Nabokov’s first book

Found in - Vladimir Nabokov: a Descriptive Bibliography by Michael Juliar (Garland, N.Y. & London 1986) this description of Nabokov's first book.


A1.1 First edition, in Russian: 1914

Title-page: Untitled. Privately printed. 1914./
binding: Brochure or folded sheet, possibly in violet paper cover.
Contents: One poem.
Note: Non-extant. There is speculation that this item never existed and that Nabokovian memory is in error.
We may never know for sure.

Online, an article Vladimir Nabokov and William Shakespeare by Philip F. Howerton is quoted where he writes ' 1914 he published his first work, a small book of poems in a lilac folder. It carried an epigraph from Romeo and Juliet.' Whether Howerton had seen the book or this is some other work is not quite clear but the colours (violet / lilac) would indicate it is VN's first work - A1 in the canon.

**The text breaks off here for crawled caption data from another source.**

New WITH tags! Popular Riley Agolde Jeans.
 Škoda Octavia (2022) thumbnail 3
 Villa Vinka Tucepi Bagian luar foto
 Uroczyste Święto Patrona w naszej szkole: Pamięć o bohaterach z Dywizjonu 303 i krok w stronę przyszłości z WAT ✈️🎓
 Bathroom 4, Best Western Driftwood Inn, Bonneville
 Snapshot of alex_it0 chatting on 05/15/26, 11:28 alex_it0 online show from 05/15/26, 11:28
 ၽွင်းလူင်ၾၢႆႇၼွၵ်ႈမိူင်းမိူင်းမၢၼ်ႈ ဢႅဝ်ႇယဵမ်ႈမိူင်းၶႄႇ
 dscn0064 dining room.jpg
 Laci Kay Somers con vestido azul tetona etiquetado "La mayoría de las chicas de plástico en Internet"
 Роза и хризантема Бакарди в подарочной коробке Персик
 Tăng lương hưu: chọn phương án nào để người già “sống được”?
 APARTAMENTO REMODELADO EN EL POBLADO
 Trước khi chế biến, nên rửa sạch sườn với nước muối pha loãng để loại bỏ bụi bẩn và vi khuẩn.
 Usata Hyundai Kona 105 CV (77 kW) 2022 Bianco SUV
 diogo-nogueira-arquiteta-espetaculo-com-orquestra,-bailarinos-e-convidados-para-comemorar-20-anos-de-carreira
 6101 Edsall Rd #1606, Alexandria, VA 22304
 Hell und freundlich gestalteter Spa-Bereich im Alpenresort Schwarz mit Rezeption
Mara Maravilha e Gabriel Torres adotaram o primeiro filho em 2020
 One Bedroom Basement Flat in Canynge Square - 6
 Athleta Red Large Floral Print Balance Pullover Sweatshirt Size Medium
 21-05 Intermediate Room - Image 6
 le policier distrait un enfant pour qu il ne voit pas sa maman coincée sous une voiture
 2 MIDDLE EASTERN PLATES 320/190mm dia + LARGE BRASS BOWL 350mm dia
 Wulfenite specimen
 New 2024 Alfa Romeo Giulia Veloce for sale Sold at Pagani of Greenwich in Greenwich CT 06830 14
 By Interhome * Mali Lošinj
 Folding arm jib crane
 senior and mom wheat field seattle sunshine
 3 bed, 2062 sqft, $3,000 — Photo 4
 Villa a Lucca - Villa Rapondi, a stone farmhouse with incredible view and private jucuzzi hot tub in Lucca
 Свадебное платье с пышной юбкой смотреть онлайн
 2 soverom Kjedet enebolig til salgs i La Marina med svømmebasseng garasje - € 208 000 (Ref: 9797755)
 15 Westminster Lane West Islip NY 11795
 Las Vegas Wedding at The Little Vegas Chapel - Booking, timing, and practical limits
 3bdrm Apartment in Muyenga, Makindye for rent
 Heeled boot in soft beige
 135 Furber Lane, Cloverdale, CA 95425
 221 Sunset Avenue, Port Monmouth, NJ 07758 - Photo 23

The whole thing is reminiscent of the enigma around Joyce's first book Et Tu Healy (possibly Parnell) which we dealt with in some depth at the late Bookride. There are no copies known of this book said to have been written by Joyce when he was 9 and published by his proud father in 1891. With some authors their first book is known in only a few copies - Machen's Eleusinia (1881) in only one copy (according to Ahearn*) and Byron's Fugitive Pieces (1806) in just 3 copies and William Carlos Williams Poems (1909) (according to Ahearn again) exists only in 2 copies in the first state**. It goes without saying that these are all of extremely high value…

* Allen and Patricia Ahearn. Book Collecting. (Putnam's NY 2000)

** You need a comma in line 5...

2 thoughts on “Nabokov’s first book

  1. Anonymous

    According to the Friends of Arthur Machen, Eleusinia was first published as a pamphlet and limited to 100 copies. Yale has a copy that belonged to Machen's father, a facsimile of which was used for the society's expanded edition in 2013. Is the Yale copy the only one known to exist?

  2. admin Post author

    The one copy of Eleusinia notion comes from Ahearn's book of first books. If a 100 were printed surely more would have survived. The Machen Society reprint has an article about collectors and the book. The author is not stated it just seems to be by 'A Former Member of H.C.S' and it was published in Hereford.